A new vaccine could prevent adolescents or young adults from infection, or help to keep latent infections (and spread of TB) in check. There are more than a dozen vaccine hopefuls in clinical trials, but one challenge again is that we still do not know what exactly immune protection against TB looks like.

Complexity

Another difficulty is the complexity of the TB bacterium. Coronaviruses have one main protein (the spike) that they use to invade our cells. Covid-19 vaccines use the spike protein to tutor our immune system on the virus. “TB has thousands of proteins, and it is so much harder to choose which one to use to make a vaccine,” Dockrell notes. One option is to choose an entire, living bacteria, but one which does not cause disease.

Indeed, BCG vaccine is a living bacteria, with a fascinating backstory involving the humble spud. It was developed by two French bacteriologists who grew a bovine relative of TB, Mycobacterium bovis, on potato slices soaked in glycerin and ox bile.

“They noticed that the bacteria lost some of its virulence and this flicked on a lightbulb that this was a route to weakening this bacterium,” Gordon adds. After 13 years, the French scientists generated what became known as the Bacille Calmette-Guerin (BCG) vaccine and showed it could protect cattle from TB.

BCG was first given to an infant in a Parisian hospital on July 18th, 1921, whose mother and family members had died of TB. More and more children then began to receive the vaccine. Today, the vaccine is no longer administered widely in European countries, but still given to babies in countries with high rates of TB and to high-risk groups elsewhere.

By tweaking BCG genetically, German scientists have developed what they hope is a better version of BCG, including for adults. There is also a trial in Africa that involves young adults receiving BCG follow-up jabs.

Another vaccine candidate (MTBVAC) developed in Spain is a TB strain weakened by mutations. One promising vaccine candidate consists of two TB proteins and an immune-boosting agent. This could be safer in those infected with HIV, since live bacterial vaccines are less suitable for those with a suppressed immune system.

Still, no new vaccine has proven its worth in a large phase-three trial. These are expensive to run, since it can take a few years to figure out if the vaccine has worked or not even in one individual. “The holy grail would be stopping infection, but that is going to be really difficult,” says Gordon, who believes that preventing disease will likely be more achievable – as has been the case with Covid-19.

There is also the problem that TB impacts some of the poorest parts of the world, such as sub-Saharan Africa and India, and their most impoverished people.

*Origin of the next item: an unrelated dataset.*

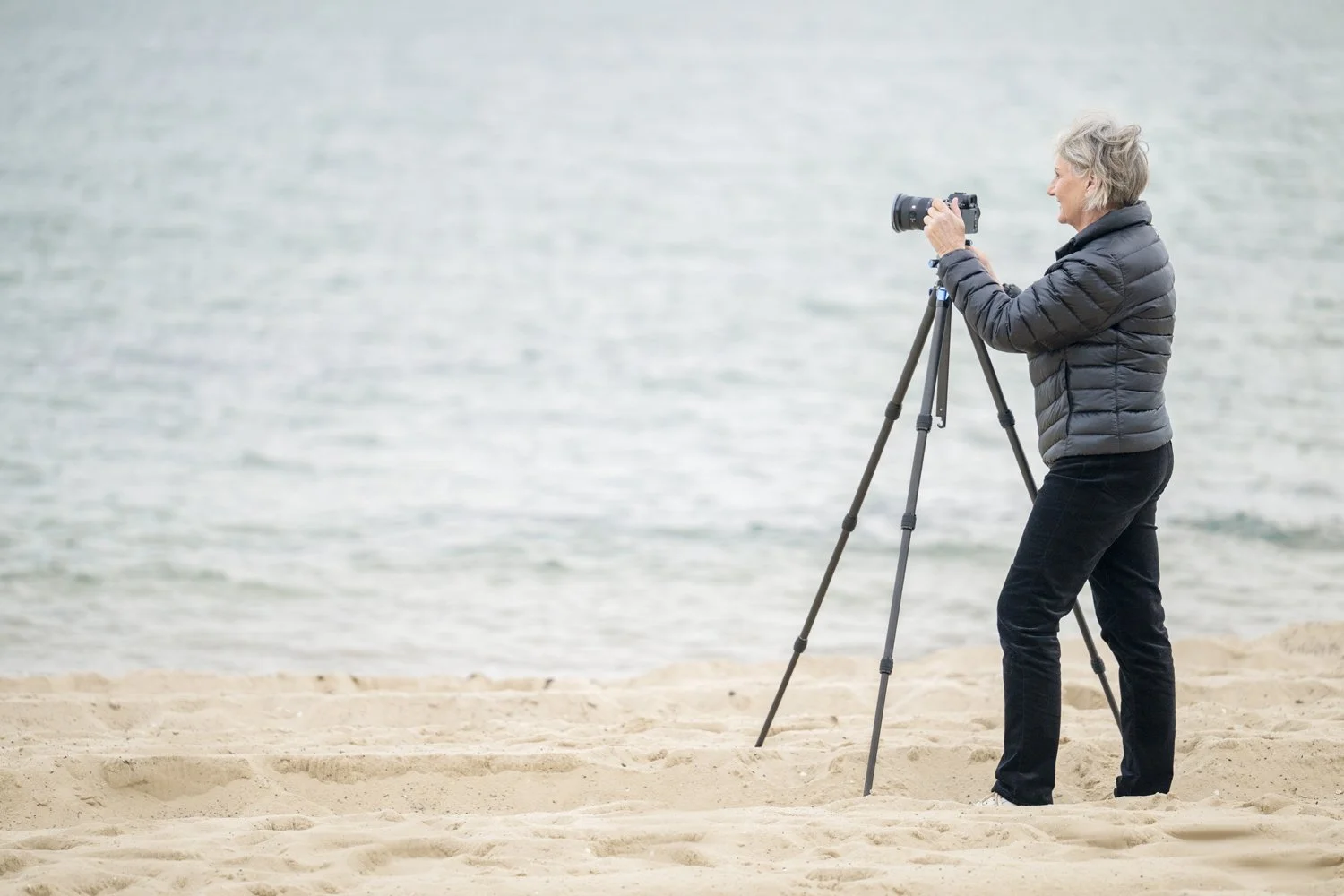 Diane Armstrong on the shore with her camera on a tripod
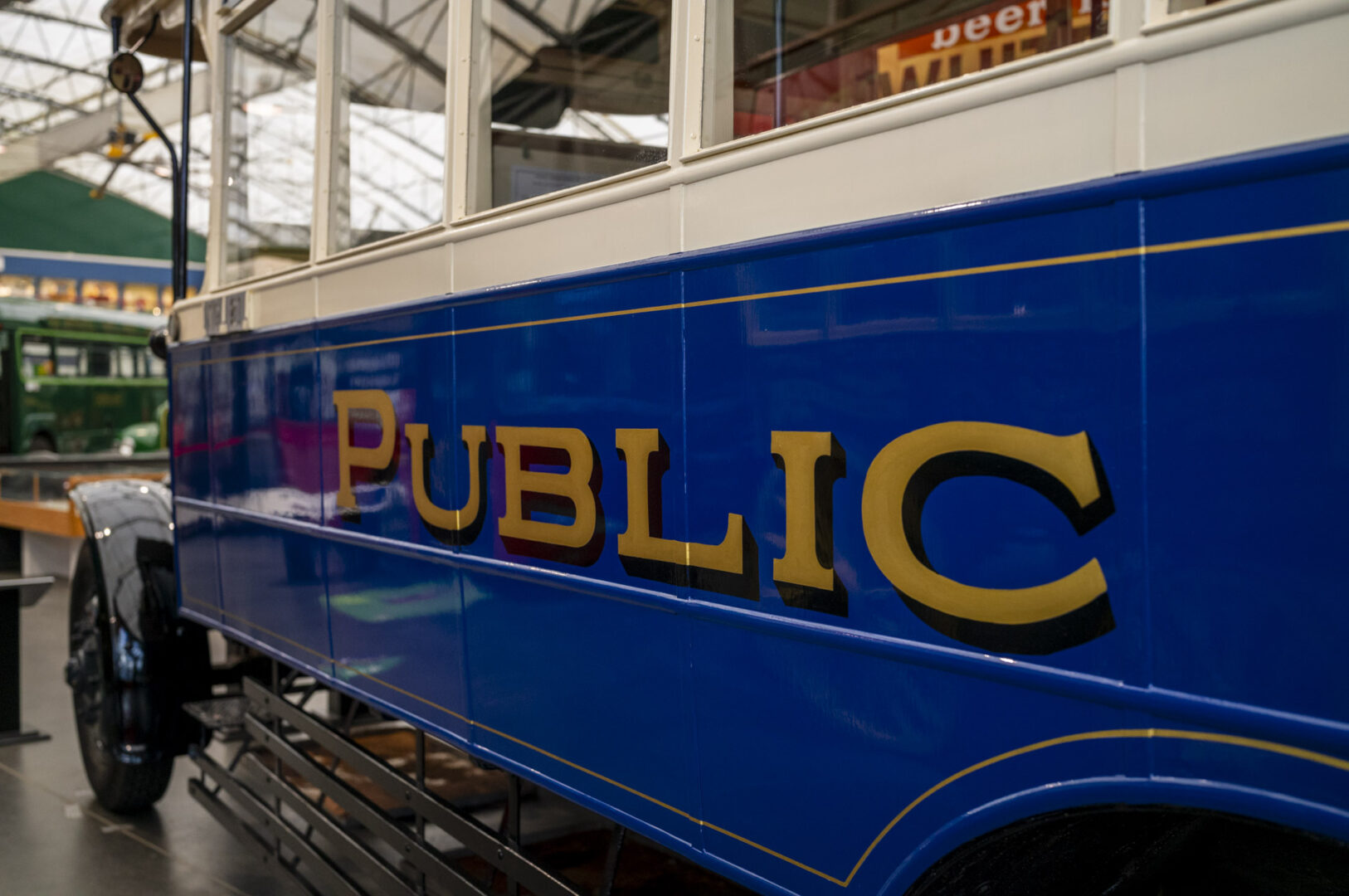 Side view of a vintage blue public transport vehicle, featuring the word 'PUBLIC' in bold gold lettering.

This has held up some vaccine trials, according to Prof Thomas Scriba, TB vaccine scientist at the University of Cape Town in South Africa, who blames a lack of resources; an extreme aversion to investment risk and a general lack of urgency in TB vaccine development.

“TB is never going to be a lucrative disease to tackle and for that reason the biomedical and pharmaceutical players tread very carefully,” he says. “This is in such stark contrast to the warp speed that has been applied to Covid-19, where the entire world can clearly sense the threat on their doorstep.”